Five Parties With My Worst Enemy by Sharpe Elle

Five Parties With My Worst Enemy by Sharpe Elle

Author:Sharpe, Elle
Language: eng
Format: epub
Published: 2020-12-07T00:00:00+00:00


The set list that night ended up being pretty stellar.

“Bust a Move,” was followed by “Walking on Sunshine”—I clicked my tongue for the drums, and hummed for the saxophones. I sang both parts to “Ain’t no Mountain High Enough.” Then all five parts to “Wannabe,”—and I included those footstep sounds at the beginning, by tapping on the side of the piano.

Each time I pulled a song request from the bucket I did a mental scan of the whole thing, remembering the instrumentals, lyrics, and even the minor sound effects. I always made an effort to include as many little details as possible, which forced me to be highly inventive with the types of sounds my mouth could produce.

This always seemed to be one of the biggest draws for people, and they started requesting songs with weirder and weirder sounds, just to see if I could rise to the challenge. 80s songs were popular for this reason. It started with “Never Gonna Give You Up,” a classic choice with plenty of synths, plus those comically deep vocals. Later some smart aleck gave me the Yazoo song “Situation,” but I was prepared. People often tried to trip me up with that Alison Moyet laugh sample, so I’d gotten pretty good at it.

I had a superb knowledge of pop music, as you may have guessed. But I couldn’t remember everything, or reproduce every song perfectly on the fly. That was a part of the show too. Watching me mess up, laugh, try again, get stumped on the same part, keep forgetting the same lyric. That was how the audience earned “points,” although no one was really keeping score.

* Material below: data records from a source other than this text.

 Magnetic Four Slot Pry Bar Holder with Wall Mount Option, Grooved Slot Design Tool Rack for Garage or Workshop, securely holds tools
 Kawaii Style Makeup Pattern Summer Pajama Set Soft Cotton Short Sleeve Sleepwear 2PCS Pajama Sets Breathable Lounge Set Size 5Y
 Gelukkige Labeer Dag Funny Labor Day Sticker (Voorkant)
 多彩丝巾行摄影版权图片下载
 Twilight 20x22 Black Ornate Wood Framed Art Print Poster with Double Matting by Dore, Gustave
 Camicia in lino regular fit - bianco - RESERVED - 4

Sometimes if I forgot the words I would ask the crowd to shout them out to me, and thankfully they did. The evolution into a group sing-along was natural. I had to admit Ronan had been right. The fancy people weren’t quite as snotty as I’d feared. In the end they behaved pretty similarly to the audiences at my other shows.

Near the end of the set things go a little quieter. As the older folks finally gave in and joined I got more requests for things like Bob Dylan, Carol King and The Beatles. The evening closed out with a rousing group rendition of “Hey Jude.” By that time the novelty of the vocal looper had faded into the background, and people were simply enjoying the music together.

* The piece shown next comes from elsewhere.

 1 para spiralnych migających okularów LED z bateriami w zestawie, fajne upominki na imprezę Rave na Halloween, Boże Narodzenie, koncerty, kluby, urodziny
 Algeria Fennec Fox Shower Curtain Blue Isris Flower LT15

I ended up singing, playing and looping for three hours straight. I didn’t even feel the time go by.

The party was ending. Happily worn-out guests started leaving the hall in dribbles and drabbles.

A few curious folks approached me after my set was done to ask about how the vocal looper worked. I showed them how my set-up allowed me to record on many different tracks—a lot more than most people used. I walked them through some layering, let them play around making some noises into the mic. When people got excited about my little machine it always made me excited too, all over again.